2024 was the first calendar year on record to exceed 1.5°C above pre-industrial levels. The long-term multi-decadal average is now projected to breach 2.0°C, the highest threshold under the Paris Agreement in the early-to-mid 2030s, or even earlier if current warming rates continue. [Ref: 20] On current policy trajectories, the world is heading for approximately 2.6°C to >3°C of warming by 2100. [Ref: 21] By 2050, without significant climate action, an estimated 200 million people will require humanitarian assistance annually due to climate effects alone. [Ref: 22]
The Legal Gap: Displaced Into Invisibility
Perhaps the starkest dimension of the climate migration crisis is the near-total absence of legal protection for those climate change displaces. The 1951 Refugee Convention which is the cornerstone of international protection for forced migrants, applies only to people fleeing persecution based on race, religion, nationality, or political opinion.[2] Climate hazard is explicitly not recognized as a valid basis for refugee status as it was not a concern in 1951. This means that the hundreds of millions of people displaced by floods, drought, sea level rise, and extreme heat have no formal international legal status, no guaranteed right to protection in another country, and no enforceable claim to assistance from the international community.
This is not a technicality. It has direct consequences for the people it excludes. A family in the Maldives whose home has been inundated by rising seas, a Somali pastoralist whose livestock and water sources have been destroyed by successive droughts, a Bangladeshi farmer whose delta land is now permanently below the tideline all do not qualify for refugee protection under current international law. They are, in the words of the UN Human Rights Council, the world’s forgotten victims: displaced by a crisis they did not cause, excluded from the legal frameworks that were built precisely to protect people from forces beyond their control.[23]
The political dimension compounds the legal one. Climate migration has become deeply entangled with the broader politics of immigration in wealthy countries, where the primary policy impulse is to restrict movement rather than extend protection.[24]Europe’s reluctance to develop legal frameworks for climate-displaced persons, the United States’ contested policies toward Central American climate migrants, and the absence of any binding international instrument on climate displacement all reflect a structural failure of the global governance system to keep pace with the reality it is supposed to manage. The communities who need protection most have the least political power to demand it in their own countries, and in the international forums where the rules governing their situation are made.

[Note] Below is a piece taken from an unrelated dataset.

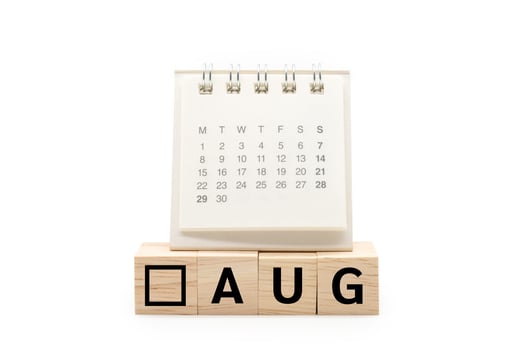 Calendar on Wooden blocks with AUG text isolated on white background. August and Calendar concept. Copy space. photo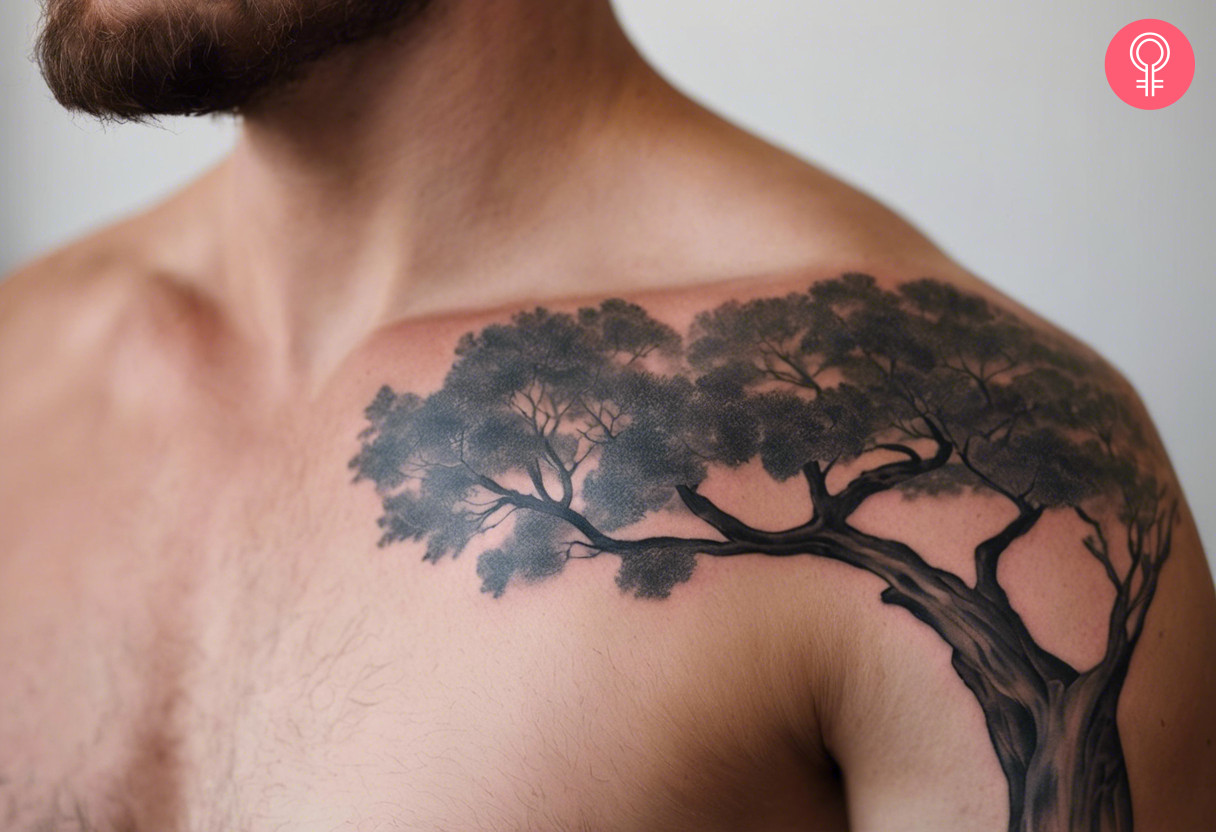 A man wearing an Australian eucalyptus tattoo on the shoulder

Displacement is the Face of Climate Inequity
Climate migration is not a side effect of climate change. It is one of its most direct and most unjust expressions. The people being displaced today and the hundreds of millions projected to be displaced in the decades ahead are overwhelmingly those who bear the least responsibility for the emissions that have destabilized the climate. They have the fewest resources to adapt, but currently receive the least protection from the international systems theoretically designed to help them. In this sense, climate migration is not merely a humanitarian emergency, it is a precise measure of how climate change is reproducing and accelerating global inequity at the largest scale in human history.
Addressing it requires action on three fronts simultaneously. It requires reducing the emissions that are generating displacement in the first place and holding the world’s largest emitters to account. It requires dramatically scaling investment in adaptation and resilience in the most exposed communities which means finance flows that match the scale of the problem and not just the political convenience of donors. Further, it requires building the legal and institutional frameworks that recognize climate-displaced people as what they are: people forced from their homes by a crisis not of their making, entitled to protection, dignity, and the right to determine their own futures.
Bibliography
The following sources are cited in-text by bracketed superscript number. All sources are publicly accessible.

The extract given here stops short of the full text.